1 – Description of Services

Zwelly will provide to Client the services described in Schedule A in separate written Agreement (collectively, the “Project”).

2 – Conditions

This Agreement will not take effect, and Zwelly will have no obligation to provide services for the Project until Client returns a signed copy of this Agreement and submits payment according to Section 6. of this Agreement.

3 – Term

Zwelly shall begin services for the Project on either the project start date listed in Schedule A in the Agreement or the date that Client makes a fifty (50) percent down payment as set forth in Section 6 of this Agreement or the start date in Schedule A, whichever is later . This Agreement shall continue in effect from the Project Start Date. to the project completion date as stated in Schedule A. Client acknowledges that this is a collaborative process and that Zwelly will not be in default of this Agreement if the Project extends past the Project Due Date due to delay from Client. Delay is considered 48 hours without response.

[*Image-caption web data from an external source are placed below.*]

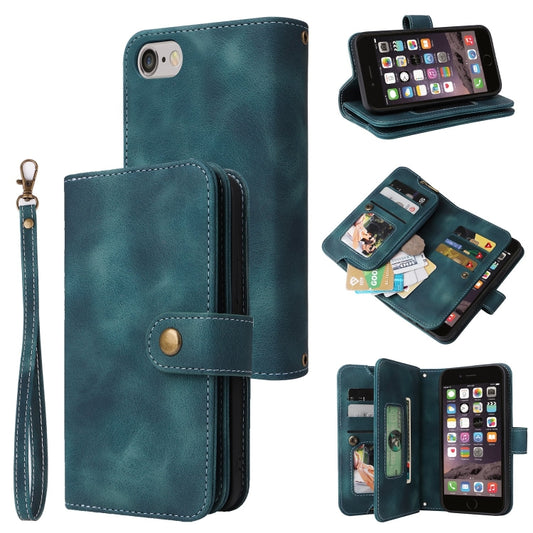 For iPhone 6s / 6 Multifunctional Card Slot Zipper Wallet Leather Phone Case(Blue) - More iPhone Cases by buy2fix | Online Shopping UK | buy2fix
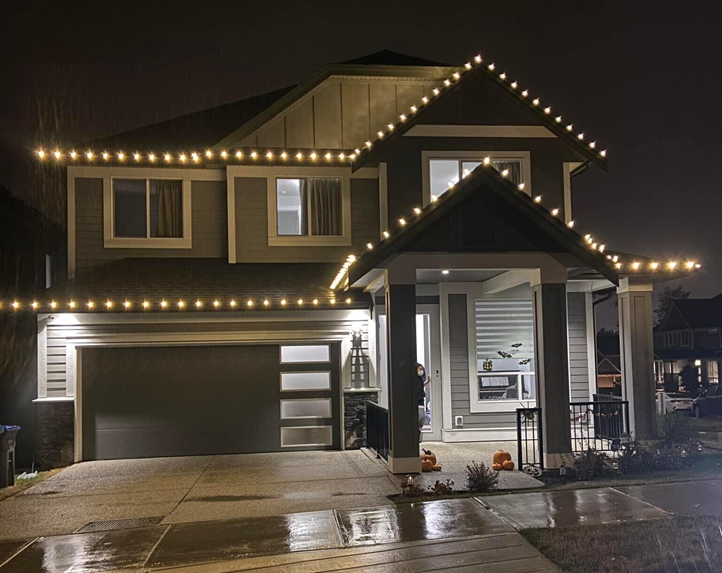 Home lit in warm white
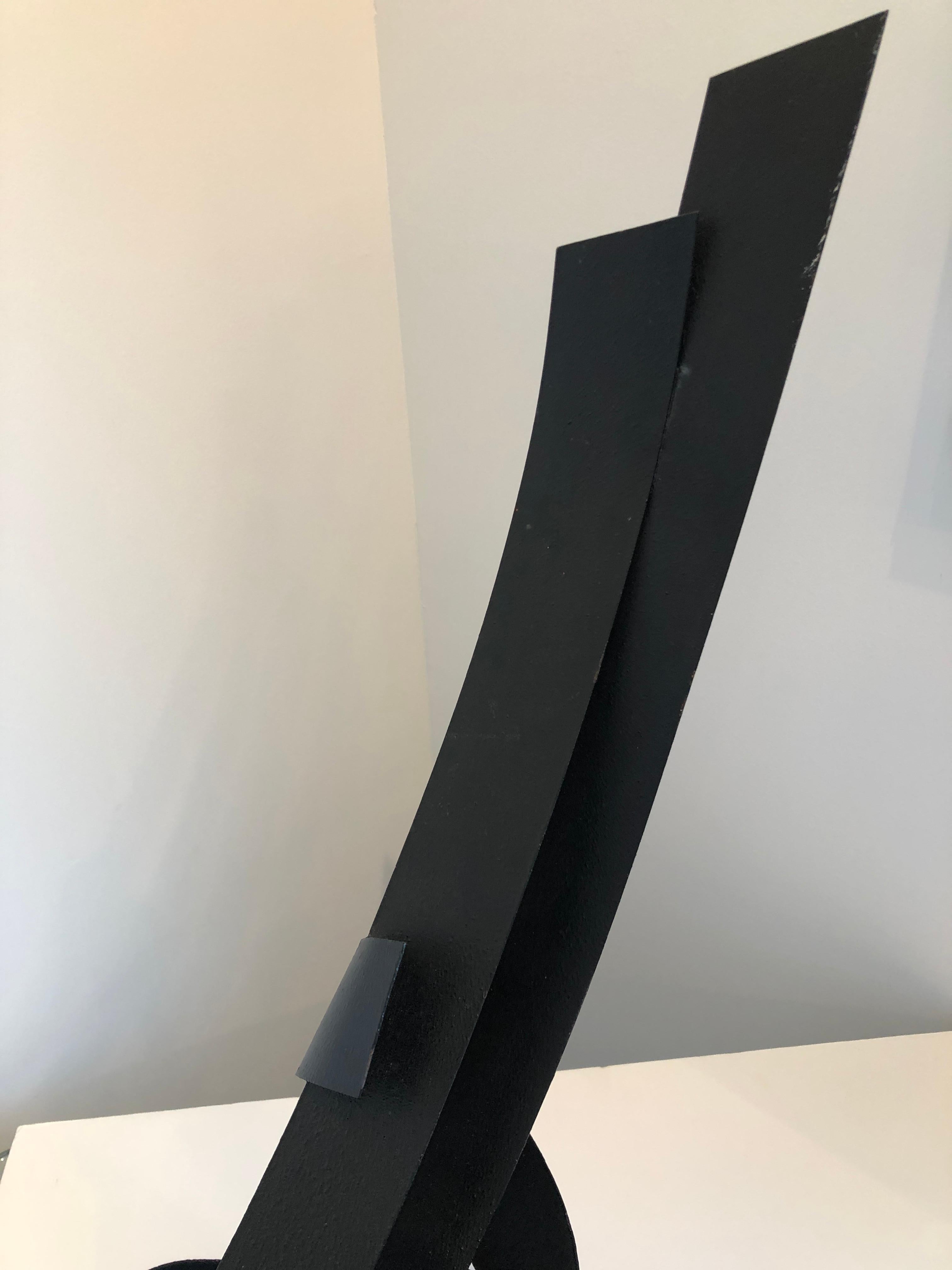 20th Century Abstract Sculpture in Black Textured Iron Metal by John Roper 1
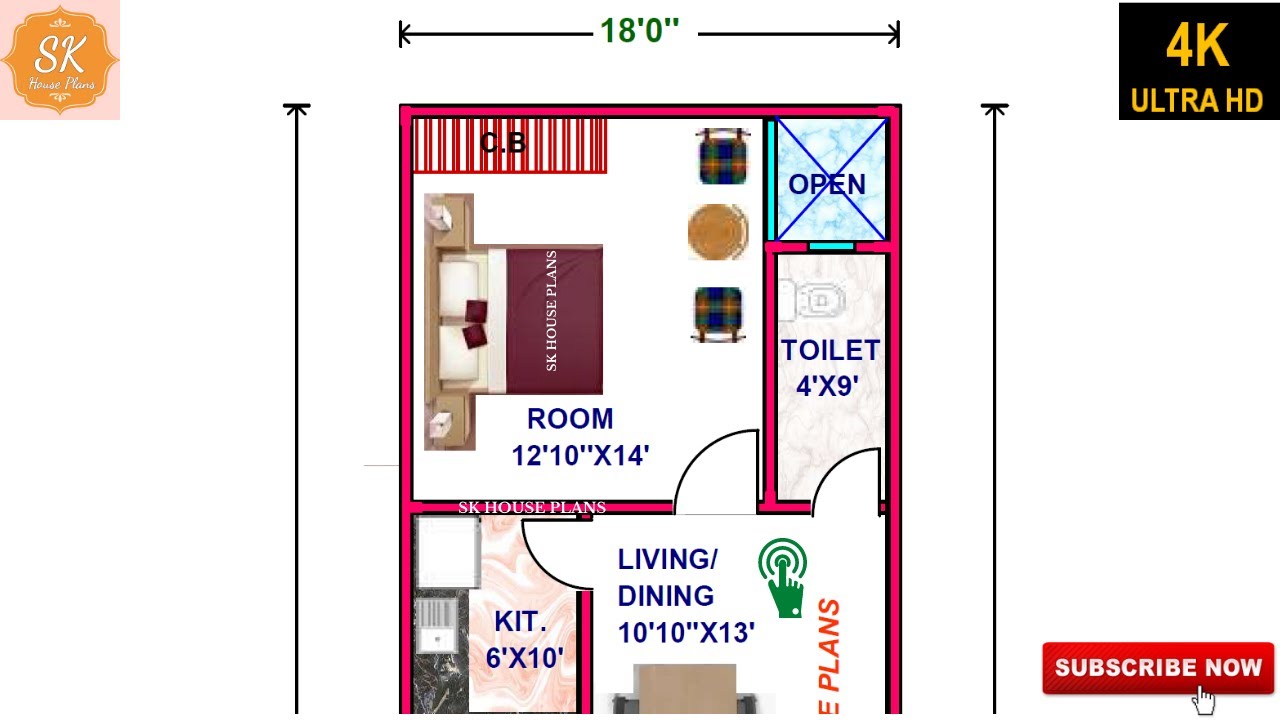 LATEST HOUSE PLAN 18' X 60' / 1080 SQ.FT / 120 SQ.YDS / 100 SQ.M / 120 GAJ / 5.5 m X 18 m / (4K)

4 – Additional Changes & Editing

Any requested changes to the description of services stated in Schedule A shall constitute additional editing and may incur additional charges or fees as deemed necessary by Zwelly. All additional changes must be submitted and approved by both parties in writing.

5 – Cancellation Policy

Zwelly may cancel the Project if, after the Project Start Date, Client does not respond to communication (face-to-face, phone, or email) for a period of thirty (30) consecutive days. To cancel a Project due to lack of communication, Zwelly must provide written notice of the cancellation. Client will have ten (10) days to respond in order to resume the Project. In the event the Project is canceled by Zwelly for lack of communication, ownership of any and all materials related to the Project, including but not limited to design mock-ups, drafts, and sketches, will be retained by Zwelly. A cancellation fee for work completed shall be paid by Client, with the fee based on the stage of project completion. The fee will not exceed 110% of total project cost.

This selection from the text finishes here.